There’s a rare pattern unfolding in the gold charts…
I’ve covered many different chart patterns in past Money Trends articles. But there’s one I’ve never mentioned…
And that’s because it’s quite unusual to spot it in real-time. Today, however, is one of those rare occasions.
Below, I’ll show you what this pattern is, and how you can spot it… along with the best way to play the opportunity that’s unfolding in the gold markets…
A Bullish Signal for Gold Miners
The chart pattern I’m talking about is known as a “double three.” And it’s flashing a bullish signal in the charts for the VanEck Gold Miners ETF (GDX).
I’ll get to why it’s called a double three in just a moment. First, I want to go over the price action leading up to this pattern, because I think it tells a very clear story.
Let’s take a look at the chart below, which shows GDX going back to late 2019…
On the left, we can see a strong rally that kicked off in March of last year and ended in August.
What is fantastic about this rally is that it counts very clearly as a five-wave advance. This tells me that the larger trend is still firmly to the upside.
Remember, in Elliott Wave Theory, five-wave rallies and declines help identify the larger underlying trend.

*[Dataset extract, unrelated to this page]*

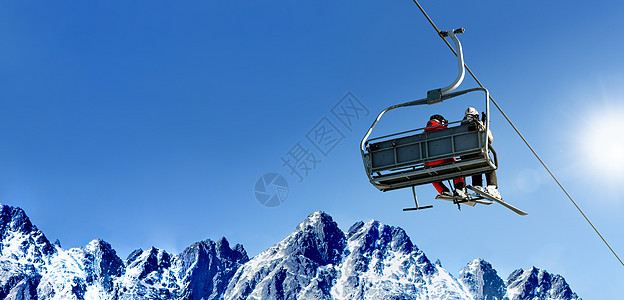 滑雪电梯坐滑雪机 奥地利 滑雪板 山区铁路 蓝色的 滑雪者 天气图片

Three-wave corrective advances and declines are indicative of a counter-trend price action.
When I see a five-wave price movement, I know there will be a counter-trend correction that will ultimately end as the price action gives way to that underlying trend.
This is what I expect we’ll see with GDX.

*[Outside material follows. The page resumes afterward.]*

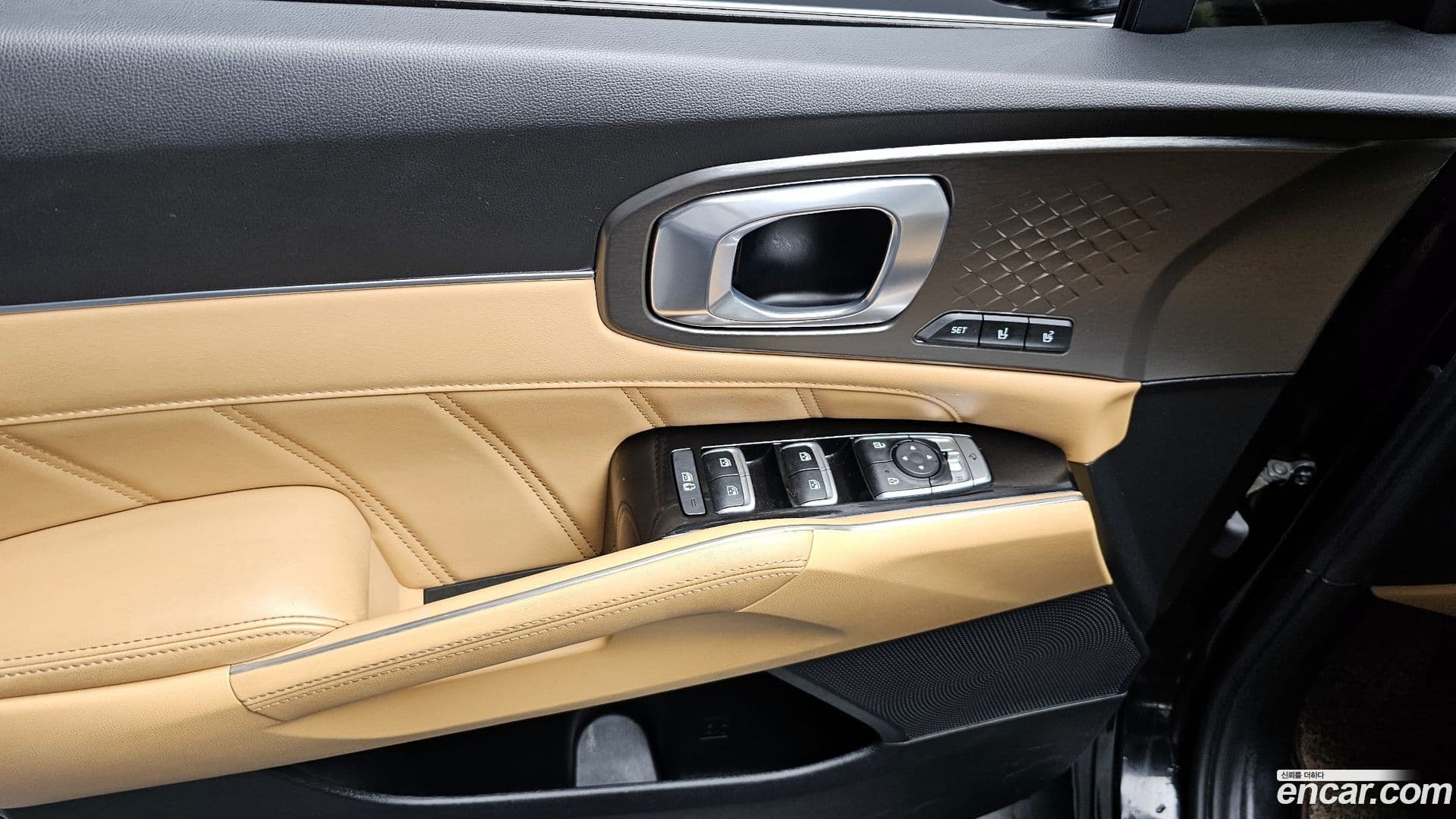 Main__Slider__Photo:Sorento Kia 2021.6-16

The decline since August does not look like the start of a fresh bear market. In fact, in due time, I believe we’ll see a fresh high in GDX that will exceed the August high of 45.78.
This alone is very valuable information.
Refining our analysis further, it becomes clear that there are two possible near-term outcomes for GDX. And this is where the aforementioned “double three” comes into play…
Two Possibilities, One Outcome
A double three is a drawn out, more complex variation of our standard A-B-C corrective pattern. As such, we will use the letters W-X-Y to refer to a double three correction.
While an A-B-C pattern tends to look like a clear, three-wave affair, a W-X-Y pattern usually has a choppier and messier look to it.
Each letter of the W-X-Y corrective pattern is made up of its own A-B-C correction. So, Wave W will be made up of its own three-wave A-B-C pattern, as will Wave Y.
Wave X is a connecting wave that bridges Waves W and Y. It will also be made up of its own three wave A-B-C pattern.
I labelled these subdivisions on the chart above so you can clearly see them.
Now, as I mentioned, this leaves us with two distinct possibilities. But both will ultimately result in the same outcome: GDX will go on to make a new high.
Let’s break down the two possibilities…
The first possibility is that we have yet to complete the final Wave C of Wave Y. This path is drawn out with the blue arrows in the chart above.
This would see GDX declining over the next several days to approximately 31 on the price chart, before it shoots higher.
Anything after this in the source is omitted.